Spekulativ imaginierte Szenen
Heike Spechts Biografie ist die erste zu Lilli Palmer. Das Buch steht aber vor dem Problem, neben Zeitzeugengesprächen und Bildmaterial vor allem auf Palmers Autobiografie "Dicke Lilli – gutes Kind" von 1974 zurückgreifen zu müssen. Diese Quellenkritik kann aufschlussreich sein, wie der Vergleich der verschiedenen Versionen zeigt: Die Selbstbezeichnung "Old Refugee" ist in der deutschen Variante in "alter Akrobat" abgemildert. Die Idee aber, jedes Kapitel mit einer spekulativen "Momentaufnahme" zu eröffnen, überzeugt dagegen nicht. Specht imaginiert darin jeweils Szenen aus Palmers Leben, um Lücken im Material lebendig zu füllen - etwa wie das Mädchen zum Tischtennisspiel fand, das Lilli meisterlich beherrschte.

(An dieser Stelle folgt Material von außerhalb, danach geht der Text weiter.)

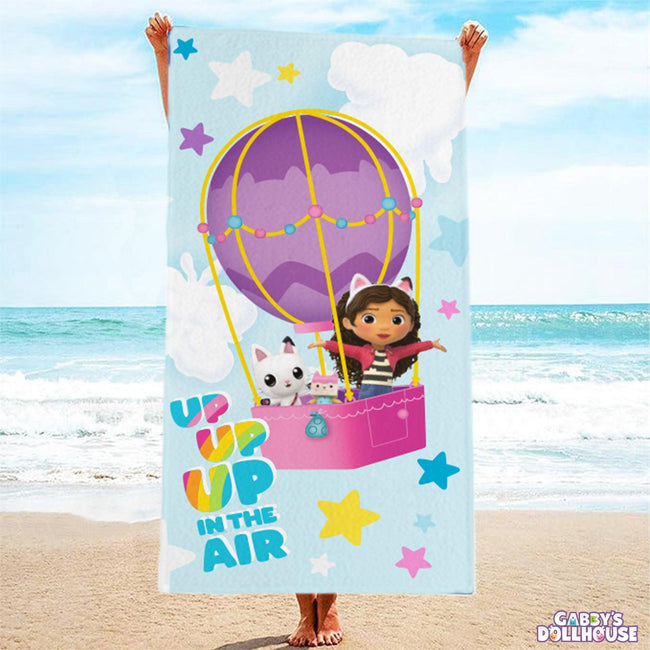 Blue-Multicoloured - Pack Shot - Gabby´s Dollhouse Childrens-Kids Up Up The Air Cotton Towel
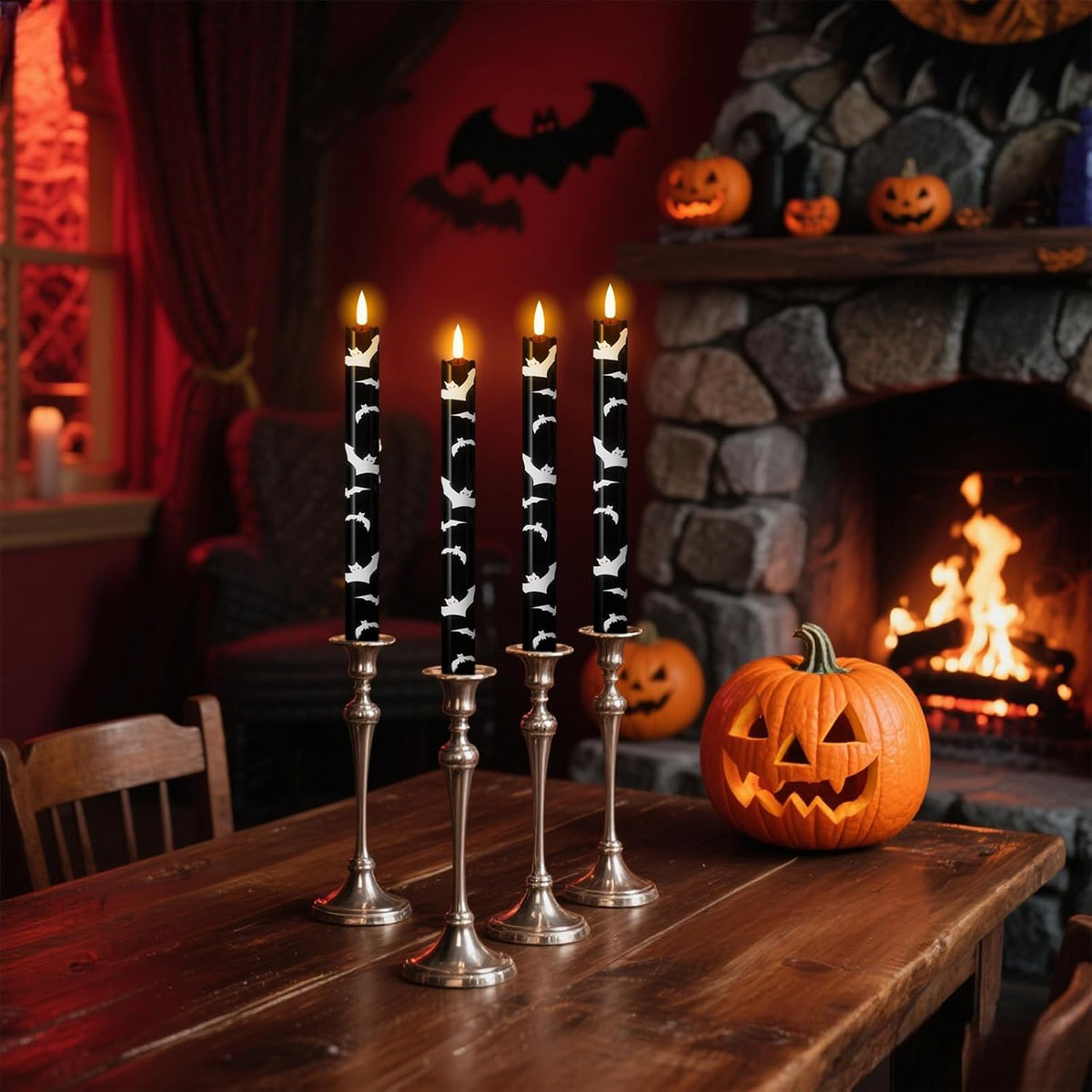 Eldnacele Halloween Bats Decal Flameless Taper Candles with Remote Timer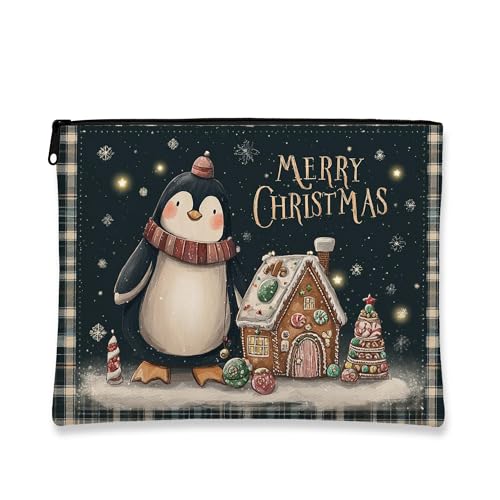 Pinguin-Kosmetiktasche, Frohe Weihnachten, Urlaubstasche für Damen, tragbar, klein, Segeltuch, Reißverschluss, Winter-Hautpflege-Kulturbeutel, Schwarz, 7x9 Inch, Pinguin von Generic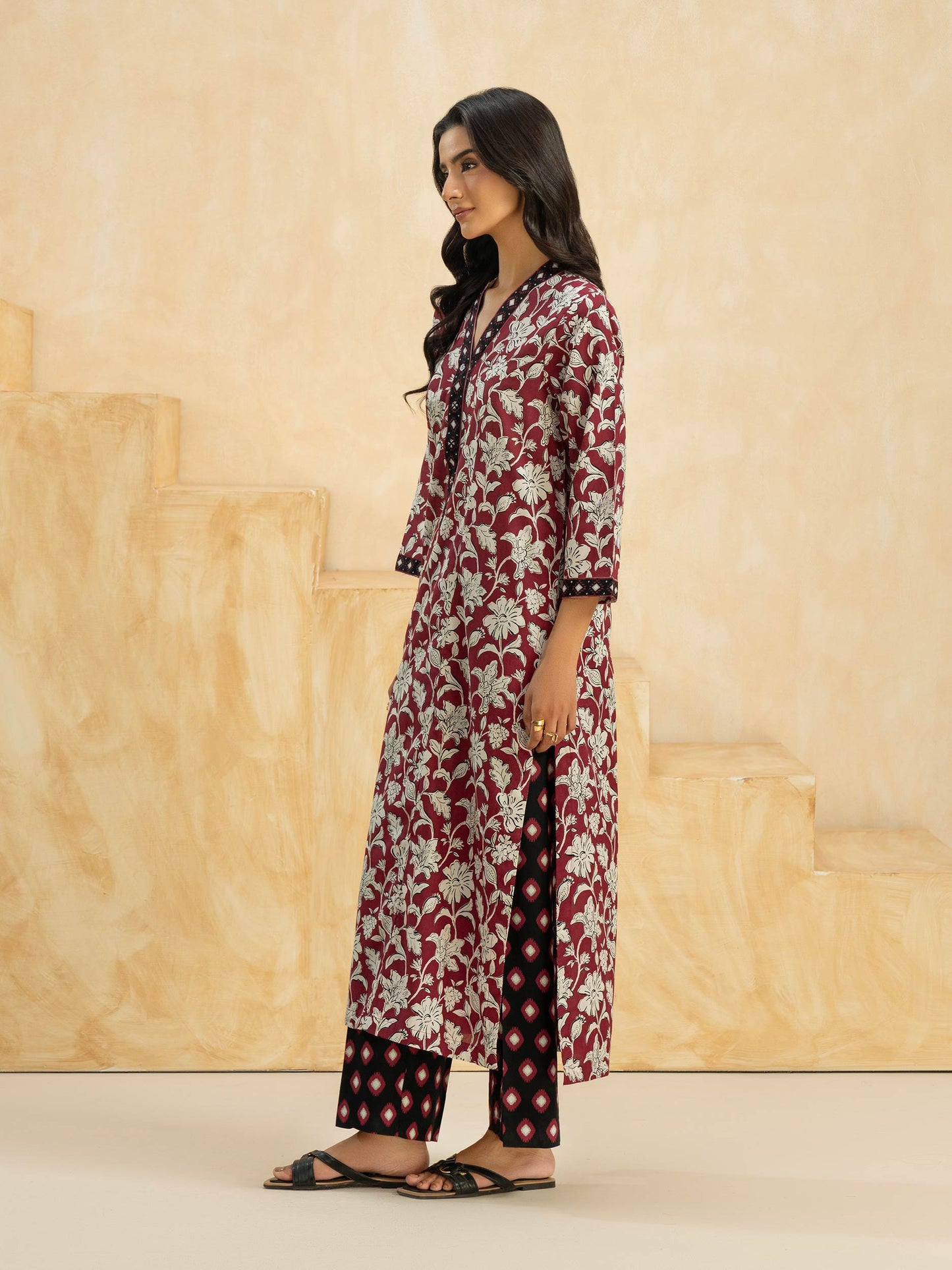 2 Piece Cambric Suit-Printed (Pret)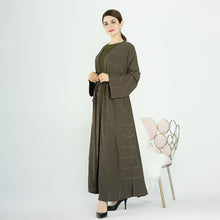 Middle East Dubai Solid Cardigan Dress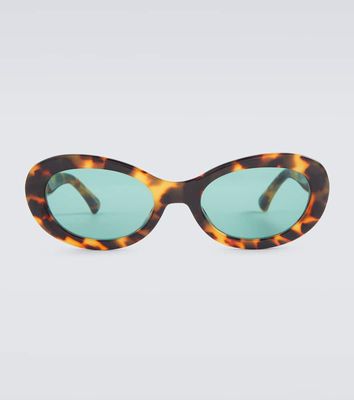 Dries Van Noten Tortoiseshell-effect oval sunglasses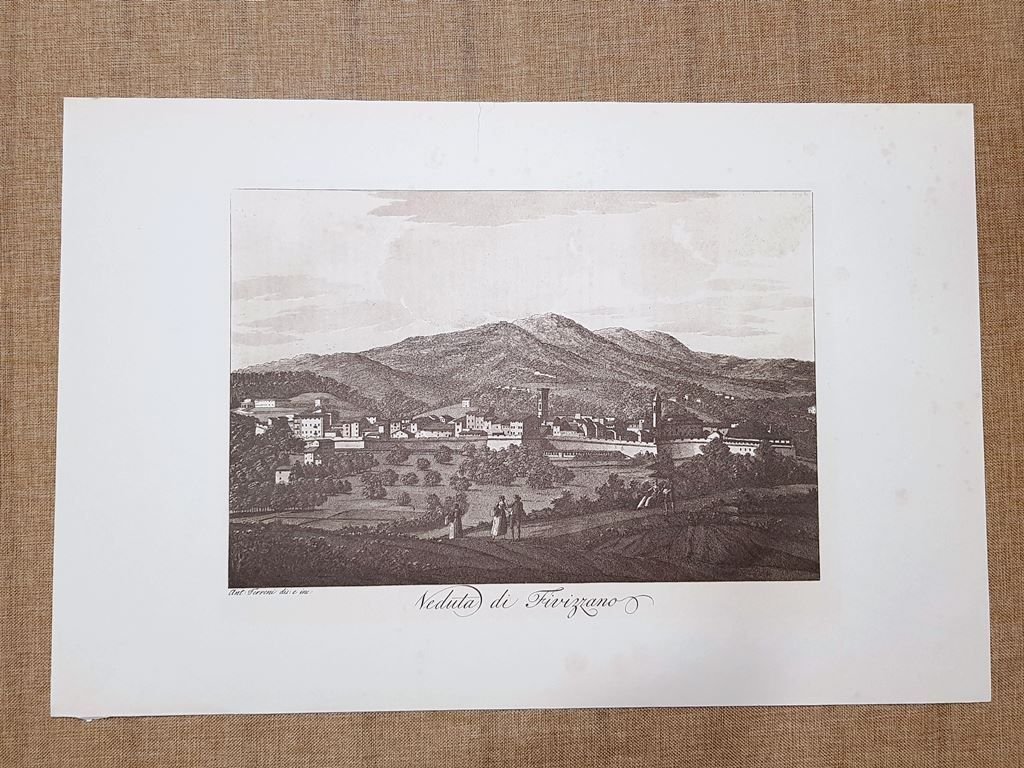 Veduta di Fivizzano nell'800 Antonio Terreni Grande litografia Ristampa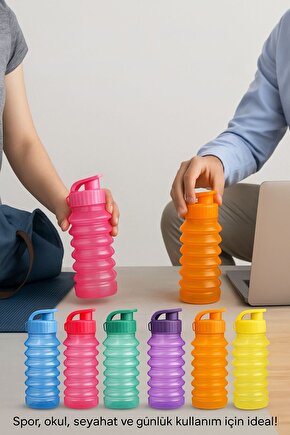 750 ml Renkli Kapaklı Plastik Sporcu Su Matarası – Taşınabilir Şeffaf Matara-sarı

Den Impuls dahinter kann man immerhin verstehen: Der Jahrhundertroman, den Lilli Palmers Leben vorstellt, scheint prädestiniert für eine Verfilmung. Schon weil er nebenher eine weibliche Beziehungsgeschichte erzählen könnte, die sich die eigene Unabhängigkeit von den ewig untreuen Gatten erarbeiten musste.